Corporate governance and social welfare – mapping the explanatory domain

In the third and final part of the book I address limits to my theory’s explanatory domain and explore factors that the theory suggests might reinforce stability, or catalyze change, in these corporate governance systems moving forward.  Each of these subjects has prompted intriguing thoughts and challenging questions throughout the book club.  I’ll address the explanatory domain here, and then turn to stability and change in my next post.

Both Danny Sokol’s post and Brett McDonnell’s initial post emphasize the distinction drawn between dispersed ownership systems (typified by widely dispersed, passive shareholders) and concentrated ownership systems (typified by blockholders), and question my case selection in this light – notably observing that Australia and Canada exhibit somewhat higher levels of share concentration than the UK and the US do.  Why are these countries included, while others that appear to exhibit high levels of dispersal are excluded? 

As I explore in the last substantial chapter of the book, the distinction between dispersed and concentrated systems is critical to the development of a comparative theory of shareholder-centrism in corporate governance because their respective regulatory postures toward shareholders are radically different.  In concentrated systems the default regulatory posture is to constrain the innate power of controlling shareholders to safeguard the interests of other stakeholders – Germany’s co-determination system (giving employees in large companies substantial board representation) representing the paradigm case.  In dispersed ownership systems, on the other hand, the default regulatory posture is to protect minority shareholders to foster the development of deep, liquid equity markets, as each of the common-law jurisdictions that I’ve examined has endeavored to accomplish. 

It is critical to recognize, however, that various countries in fact fall along a wide spectrum in this regard, as Peter Gourevitch and James Shinn emphasized in their important book.  Gourevitch and Shinn measure levels of blockholding by reference to the market value of listed companies that have 20% blockholders, expressed as a percentage of the total market cap of that country’s stock markets.  By this measure, they report 4.1% for Japan, 5% for China, 15% for the US, 20% for the Netherlands, 23.6% for the UK, and 27.5% for each of Australia and Canada. Setting aside the fraught issue of how ownership concentration is most appropriately measured, in relative terms these figures raise intriguing questions for the approach I’ve taken in my book.  Why do Japan, China, and the Netherlands exhibit substantial share dispersal, yet not exhibit the corporate governance traits that I associate with it?  Conversely, why do Australia and Canada, with somewhat higher levels of concentration than the others listed here, nevertheless exhibit such corporate governance traits?

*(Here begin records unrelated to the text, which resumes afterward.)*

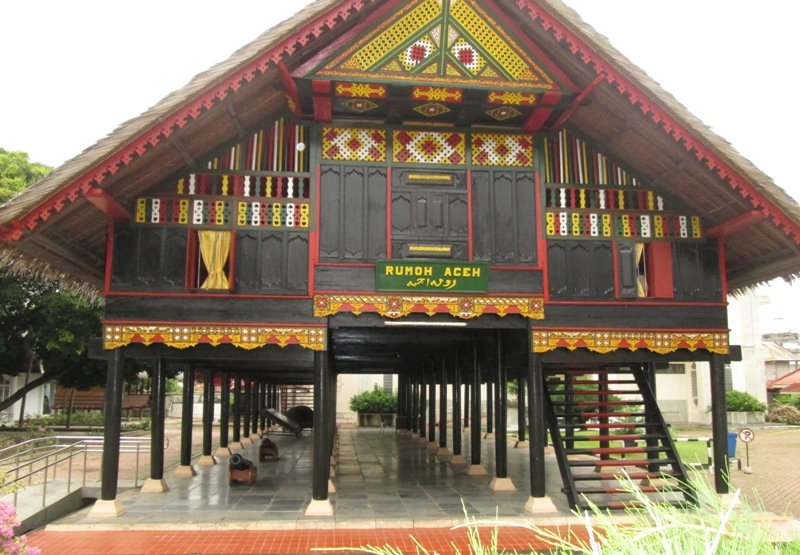 Rumah Adat Aceh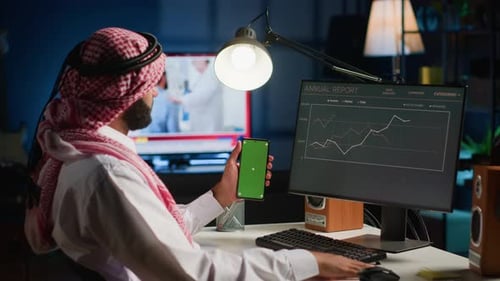 Arbeiter hält Greenscreen-Smartphone in der Hand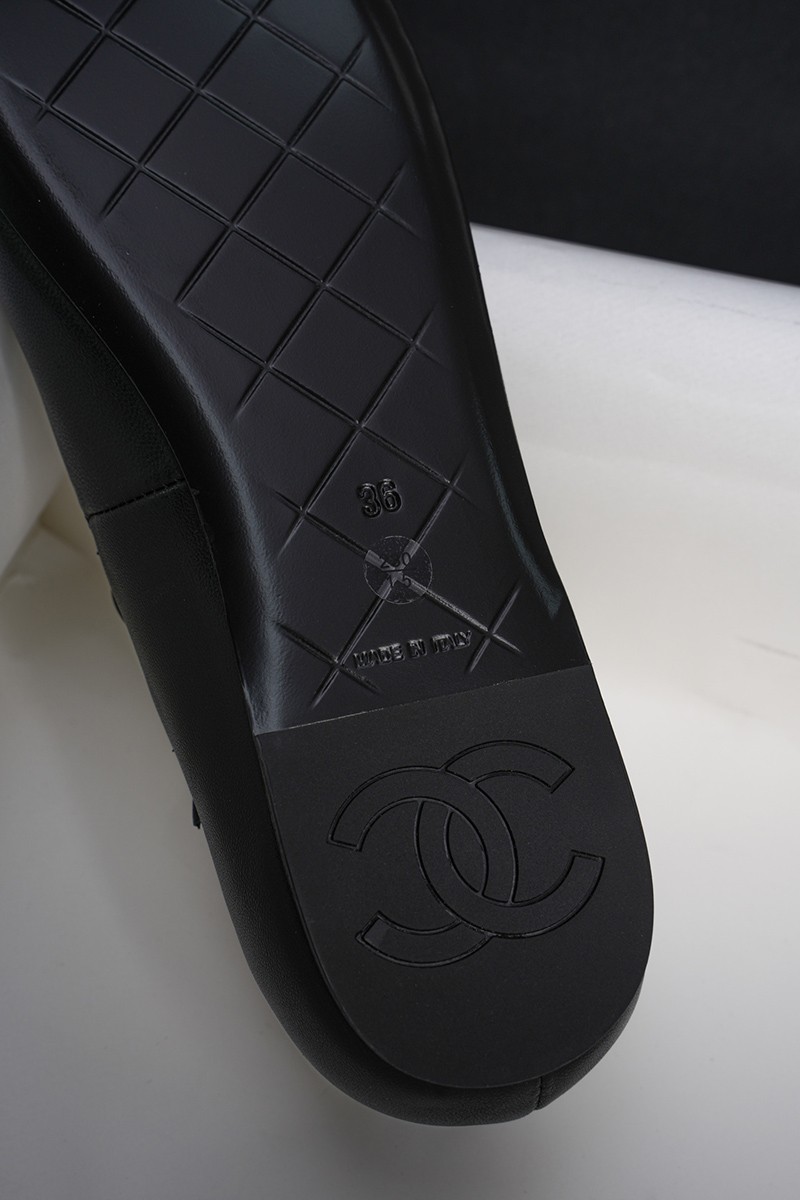 Chanel 25C Wmns Shoe 013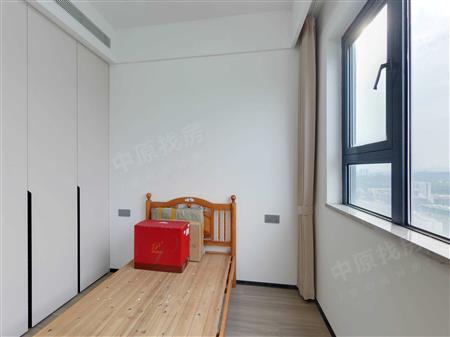 宝能城花园-次卧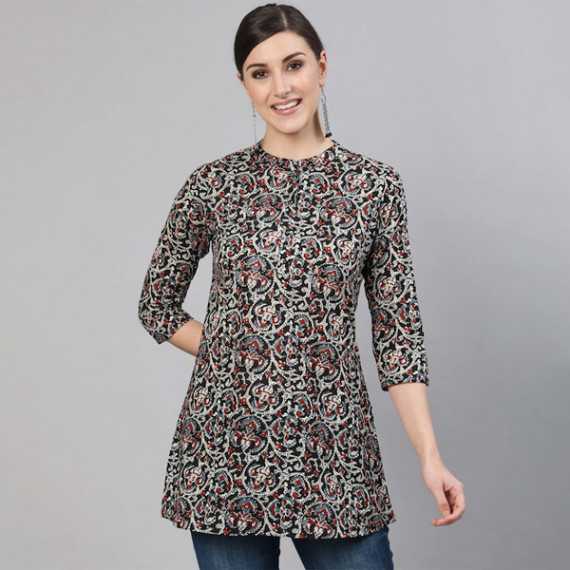 http://3.7.113.133/products/women-black-maroon-abstract-printed-tunic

Part of the explanation is that in Japan, China, and the Netherlands, de facto concentration has historically been far greater than these figures suggest, due to substantial government control in China, the separation of control and cash-flow rights in the Netherlands (through placement of stock in “trust offices”), and the keiretsu system of cross-shareholdings in Japan (though the latter have unwound over recent decades, giving rise to the natural experiment that I described in a prior post).  As to Australia and Canada, then, I acknowledge their somewhat higher levels of concentration and address potential explanations for their policy trajectories.  In each case some degree of historical, cultural, and/or geographic influence was undoubtedly exerted by influential US and UK models – perhaps facilitated by lack of good market data (at the relevant point in their regulatory histories), facilitating assumptions that their equity markets were as fully dispersed as the US and UK markets.  However, this at most bounds the range of alternatives that policymakers in these countries might have considered – it would not explain, for example, how they might have selected between attractive, yet fundamentally different, US and UK corporate governance models.  That Australia shifted from a US-style takeover regime in the 1980s toward a UK-style takeover regime in the 2000s – a period over which their social welfare system itself gradually stabilized – contradicts the notion that their corporate governance system can be attributed to historical path dependence upon UK legal origins.  Similarly, that Canada overcame the substantial pull of geographically proximate and influential US models in some of the most consequential areas of corporate governance itself suggests a decidedly internally determined policy trajectory – which I believe was impacted by the social welfare-oriented logic that I describe.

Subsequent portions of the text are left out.